*Exercise*
Your task is to copy every line of the entries that contains "white".

-------- Extracted data

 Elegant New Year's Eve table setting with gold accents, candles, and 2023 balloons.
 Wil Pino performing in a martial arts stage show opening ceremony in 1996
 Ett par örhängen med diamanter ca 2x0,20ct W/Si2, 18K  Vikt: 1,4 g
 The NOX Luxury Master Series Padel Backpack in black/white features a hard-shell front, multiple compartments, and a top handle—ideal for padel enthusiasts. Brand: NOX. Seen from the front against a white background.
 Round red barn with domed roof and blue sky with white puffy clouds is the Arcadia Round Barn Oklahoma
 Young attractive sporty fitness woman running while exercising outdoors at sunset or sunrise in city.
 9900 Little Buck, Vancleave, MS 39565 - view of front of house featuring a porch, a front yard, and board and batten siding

----------------

*Written solution*
 The NOX Luxury Master Series Padel Backpack in black/white features a hard-shell front, multiple compartments, and a top handle—ideal for padel enthusiasts. Brand: NOX. Seen from the front against a white background.
 Round red barn with domed roof and blue sky with white puffy clouds is the Arcadia Round Barn Oklahoma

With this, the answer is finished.